CK: So what you are saying is that, the sections no longer pay the costs of innovation, but that the power to (decide to) innovate now rests with WB?
JJ: In essence, yes. It actually rests, I think, with WB and the AAA leadership, but WB is looked to as the expert partner prepared to assess real costs and benefits. As I understand it, for the five years of the current contract, the baseline will be where things stood on January 1, 2008. If, however, a journal wants to double the number of words or pages, then someone would need to absorb that higher level of expense, whether the AAA, WB, or the section. For WB to absorb this, they would have to feel confident that the added expense would generate new revenues. However, if WB manages to generate a gazillion dollars in profits, the AAA will share them. In general, (unprofitable) changes made for the good of scholarship or the world would need to be absorbed (as losses) by the AAA or the sections. One-time extra expenses (“lets do a double issue in 2010 in honor of professor so and so”) can be bought by sections if they have the cash, the willingness, and the lead time necessary to gain approvals.

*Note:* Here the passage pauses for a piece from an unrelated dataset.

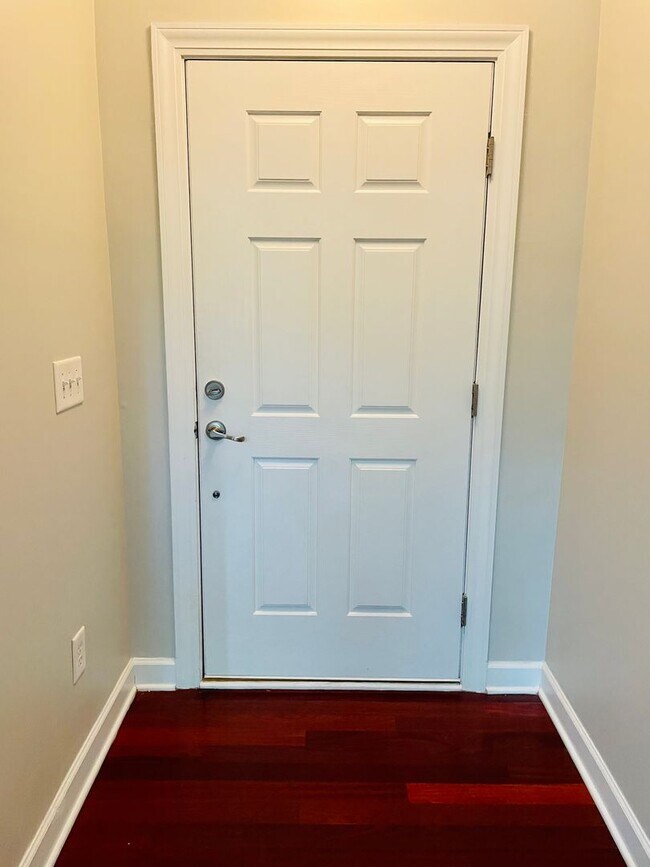 Building Photo - 3 Bedroom/2.5 Bath Townhome with garage in Wild Wing!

ARG: So now the AAA leadership has a disincentive to make any innovative changes and an incentive to be suspicious of sections funding ongoing “enhancements” for fear that any costs will come to be shifted to WB or AAA? And we must pay WB for the privilege of making up our own minds what should be in these journals?
JJ: Well, more or less. I am sympathetic to some of this, as libraries for instance, need to know what to expect of a journal as both a product and as a cost. Section leadership, section cash on hand, and editorial effort can be quite fluctuating even under stable external conditions. In any event, the way that I see it, the role of sections has greatly shrunken. The print journal is still, in most cases, a membership “benefit” and sections still choose the editors for the journals with which they are associated, but much has been given up in exchange for income and decreased risk exposure. The new problem is the one that Chris has been so eloquent about. The hope for innovation is at the section level, but sections have lost a lot through the combination of AnthroSource journal access for AAA members (which has eroded section memberships) and the structural readjustments brought on by the cost-revenue gap of the UCP period and now by the new arrangements of the WB era.